Folha de S. Paulo
Pesquisas indicam mal-estar, economia não
explica pessimismo, que cresce
A leitora diria que o clima no país está bom?
É pergunta vaga, que suscita respostas impressionistas. Mas é apenas de um
jogo, um exercício mental. Desconsidere, por ora, avaliação mais objetiva sobre
condições materiais de vida ou sobre o estado da política, por exemplo. Como
parece o humor de seus concidadãos?
Vivemos o "melhor Natal" desde 2013. A expressão vai entre aspas porque costuma apenas descrever balanços de vendas do comércio ou de indicadores como salário médio ou renda per capita. As pessoas podem estar insatisfeitas com sua situação econômica ainda que tenham melhorado de vida. Podem ter insatisfações gerais mesmo que reconheçam melhoras na economia.
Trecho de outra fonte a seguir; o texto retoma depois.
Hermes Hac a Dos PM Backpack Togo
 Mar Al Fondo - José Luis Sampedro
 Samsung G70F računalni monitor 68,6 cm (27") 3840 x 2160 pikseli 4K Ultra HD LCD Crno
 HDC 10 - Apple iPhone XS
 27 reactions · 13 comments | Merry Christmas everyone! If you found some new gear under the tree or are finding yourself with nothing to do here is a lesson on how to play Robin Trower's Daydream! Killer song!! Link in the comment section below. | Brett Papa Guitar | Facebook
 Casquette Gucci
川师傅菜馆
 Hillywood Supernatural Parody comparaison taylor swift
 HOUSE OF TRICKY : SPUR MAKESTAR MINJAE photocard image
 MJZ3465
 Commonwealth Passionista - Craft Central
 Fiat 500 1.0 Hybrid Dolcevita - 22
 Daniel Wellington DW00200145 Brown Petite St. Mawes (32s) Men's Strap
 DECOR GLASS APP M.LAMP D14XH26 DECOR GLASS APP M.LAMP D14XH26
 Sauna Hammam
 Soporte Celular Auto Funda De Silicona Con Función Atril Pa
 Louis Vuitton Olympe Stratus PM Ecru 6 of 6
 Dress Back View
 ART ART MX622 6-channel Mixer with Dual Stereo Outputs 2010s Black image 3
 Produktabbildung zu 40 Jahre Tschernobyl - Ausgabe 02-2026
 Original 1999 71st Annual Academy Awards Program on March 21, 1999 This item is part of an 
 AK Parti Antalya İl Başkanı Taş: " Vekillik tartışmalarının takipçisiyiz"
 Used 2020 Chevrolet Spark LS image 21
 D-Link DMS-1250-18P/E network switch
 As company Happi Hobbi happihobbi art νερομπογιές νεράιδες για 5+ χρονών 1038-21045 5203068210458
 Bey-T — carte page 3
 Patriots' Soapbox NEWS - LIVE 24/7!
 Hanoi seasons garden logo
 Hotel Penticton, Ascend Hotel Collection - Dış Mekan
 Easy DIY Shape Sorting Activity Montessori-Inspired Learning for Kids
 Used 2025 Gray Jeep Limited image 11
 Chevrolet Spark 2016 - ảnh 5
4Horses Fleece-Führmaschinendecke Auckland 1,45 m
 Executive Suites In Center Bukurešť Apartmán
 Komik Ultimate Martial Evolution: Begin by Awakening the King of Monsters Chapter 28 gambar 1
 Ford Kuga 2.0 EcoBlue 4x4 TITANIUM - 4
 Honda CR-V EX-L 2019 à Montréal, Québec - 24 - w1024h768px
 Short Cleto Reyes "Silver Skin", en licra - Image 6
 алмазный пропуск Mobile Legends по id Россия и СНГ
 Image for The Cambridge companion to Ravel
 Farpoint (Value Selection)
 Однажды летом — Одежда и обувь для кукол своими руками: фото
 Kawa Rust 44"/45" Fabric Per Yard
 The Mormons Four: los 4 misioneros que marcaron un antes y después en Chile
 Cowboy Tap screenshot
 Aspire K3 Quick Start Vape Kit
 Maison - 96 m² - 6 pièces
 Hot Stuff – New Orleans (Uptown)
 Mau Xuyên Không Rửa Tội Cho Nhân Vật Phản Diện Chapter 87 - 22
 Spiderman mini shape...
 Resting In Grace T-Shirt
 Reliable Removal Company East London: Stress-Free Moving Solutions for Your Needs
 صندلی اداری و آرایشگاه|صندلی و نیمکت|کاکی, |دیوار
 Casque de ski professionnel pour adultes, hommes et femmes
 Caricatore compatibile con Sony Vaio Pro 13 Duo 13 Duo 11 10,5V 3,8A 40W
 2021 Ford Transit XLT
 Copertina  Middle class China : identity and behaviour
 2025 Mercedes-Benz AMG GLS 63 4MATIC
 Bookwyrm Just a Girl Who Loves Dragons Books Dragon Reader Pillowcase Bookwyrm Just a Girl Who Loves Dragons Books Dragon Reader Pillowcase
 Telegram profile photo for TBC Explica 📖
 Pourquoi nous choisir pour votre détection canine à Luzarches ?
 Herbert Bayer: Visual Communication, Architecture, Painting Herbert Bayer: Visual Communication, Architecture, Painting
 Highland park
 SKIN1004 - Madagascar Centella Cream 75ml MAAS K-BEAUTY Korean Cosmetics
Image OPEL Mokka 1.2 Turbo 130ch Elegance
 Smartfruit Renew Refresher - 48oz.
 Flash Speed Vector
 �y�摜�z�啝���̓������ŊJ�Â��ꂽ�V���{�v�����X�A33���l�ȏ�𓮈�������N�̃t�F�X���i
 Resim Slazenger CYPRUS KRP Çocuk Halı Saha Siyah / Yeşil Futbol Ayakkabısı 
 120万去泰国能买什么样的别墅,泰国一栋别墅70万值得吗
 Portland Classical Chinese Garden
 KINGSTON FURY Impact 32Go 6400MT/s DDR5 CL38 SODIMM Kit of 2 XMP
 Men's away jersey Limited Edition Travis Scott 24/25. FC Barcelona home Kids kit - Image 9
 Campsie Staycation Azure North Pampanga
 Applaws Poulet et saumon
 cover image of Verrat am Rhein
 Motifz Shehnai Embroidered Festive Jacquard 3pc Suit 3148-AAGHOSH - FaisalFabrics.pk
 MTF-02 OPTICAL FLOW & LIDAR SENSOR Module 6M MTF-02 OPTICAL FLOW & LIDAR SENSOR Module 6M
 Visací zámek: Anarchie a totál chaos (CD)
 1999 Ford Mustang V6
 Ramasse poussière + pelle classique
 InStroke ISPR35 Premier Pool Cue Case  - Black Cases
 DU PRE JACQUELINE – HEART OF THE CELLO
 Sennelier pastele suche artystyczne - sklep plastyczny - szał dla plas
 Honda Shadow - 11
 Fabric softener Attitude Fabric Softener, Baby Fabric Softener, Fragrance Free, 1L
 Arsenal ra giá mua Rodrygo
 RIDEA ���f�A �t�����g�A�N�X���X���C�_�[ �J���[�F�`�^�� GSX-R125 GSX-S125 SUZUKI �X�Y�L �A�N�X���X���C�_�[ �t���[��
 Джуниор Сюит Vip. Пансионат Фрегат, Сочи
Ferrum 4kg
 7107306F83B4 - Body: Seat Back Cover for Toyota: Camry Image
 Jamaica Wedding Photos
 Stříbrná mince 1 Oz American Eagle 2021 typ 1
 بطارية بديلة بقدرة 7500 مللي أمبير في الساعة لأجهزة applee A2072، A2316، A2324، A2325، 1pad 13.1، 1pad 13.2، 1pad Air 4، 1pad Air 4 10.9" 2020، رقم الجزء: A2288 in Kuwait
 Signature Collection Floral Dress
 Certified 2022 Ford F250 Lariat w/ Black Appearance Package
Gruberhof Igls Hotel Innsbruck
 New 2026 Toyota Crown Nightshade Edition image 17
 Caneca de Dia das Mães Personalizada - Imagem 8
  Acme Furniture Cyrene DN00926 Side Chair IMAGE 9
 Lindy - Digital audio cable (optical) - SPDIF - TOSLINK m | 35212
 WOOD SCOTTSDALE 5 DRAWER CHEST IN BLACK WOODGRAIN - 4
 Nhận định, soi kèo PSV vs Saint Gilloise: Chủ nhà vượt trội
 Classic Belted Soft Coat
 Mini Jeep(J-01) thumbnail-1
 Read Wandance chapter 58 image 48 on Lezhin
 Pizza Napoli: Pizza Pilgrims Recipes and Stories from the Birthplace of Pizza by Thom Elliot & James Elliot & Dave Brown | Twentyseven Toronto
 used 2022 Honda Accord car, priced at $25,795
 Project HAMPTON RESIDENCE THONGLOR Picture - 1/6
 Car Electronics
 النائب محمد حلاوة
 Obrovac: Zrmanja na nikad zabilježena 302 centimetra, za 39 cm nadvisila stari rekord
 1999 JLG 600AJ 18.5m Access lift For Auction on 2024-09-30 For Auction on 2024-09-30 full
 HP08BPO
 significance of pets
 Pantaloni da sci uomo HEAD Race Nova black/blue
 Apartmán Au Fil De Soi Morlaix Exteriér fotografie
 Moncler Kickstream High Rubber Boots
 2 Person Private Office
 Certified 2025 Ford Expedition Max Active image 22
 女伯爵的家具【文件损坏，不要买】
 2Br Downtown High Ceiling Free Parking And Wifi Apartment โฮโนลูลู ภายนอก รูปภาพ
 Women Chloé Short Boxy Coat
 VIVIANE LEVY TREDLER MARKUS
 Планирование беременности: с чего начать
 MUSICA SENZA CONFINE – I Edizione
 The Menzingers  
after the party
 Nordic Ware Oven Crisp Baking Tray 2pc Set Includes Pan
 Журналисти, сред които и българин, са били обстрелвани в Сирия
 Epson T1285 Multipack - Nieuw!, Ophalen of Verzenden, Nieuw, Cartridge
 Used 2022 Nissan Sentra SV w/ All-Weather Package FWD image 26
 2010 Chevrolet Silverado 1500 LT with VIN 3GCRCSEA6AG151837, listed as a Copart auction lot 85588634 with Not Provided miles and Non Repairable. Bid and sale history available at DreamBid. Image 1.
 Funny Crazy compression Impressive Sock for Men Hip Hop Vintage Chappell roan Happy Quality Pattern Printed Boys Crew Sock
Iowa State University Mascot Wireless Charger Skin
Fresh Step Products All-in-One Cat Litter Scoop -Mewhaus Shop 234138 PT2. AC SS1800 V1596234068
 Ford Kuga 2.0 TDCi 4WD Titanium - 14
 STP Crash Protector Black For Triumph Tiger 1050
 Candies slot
Em 2023, a renda (PIB) per capita
voltou ao pico anterior, de 2013. Em 2024, será a maior desde sempre. O salário
médio será o maior. O nível de pobreza será o mínimo. O consumo médio por
pessoa será pelo menos igual ao do recorde de 2013. A desigualdade não mudou a
ponto de alterar o peso desses números, se mudou.
A avaliação do presidente Lula está
em nível medíocre (35% de "ótimo/bom", 34% de
"ruim/péssimo"), segundo o Datafolha de
dezembro. Em relação aos últimos seis meses, a economia está pior para 40%
(eram 29% em setembro de 2023), segundo pesquisa Ipec de dezembro. Nos próximos
seis meses, vai melhorar para 39% (ante 51% em setembro de 2023).
Deixamos para trás uma década de depressão. O
problema é que saímos faz pouco tempo do buraco e talvez não exista segurança
de que a melhora persista? A maioria da população não está informada quanto a
previsões macroeconômicas ou pacote fiscal. Não vem daí o mau humor.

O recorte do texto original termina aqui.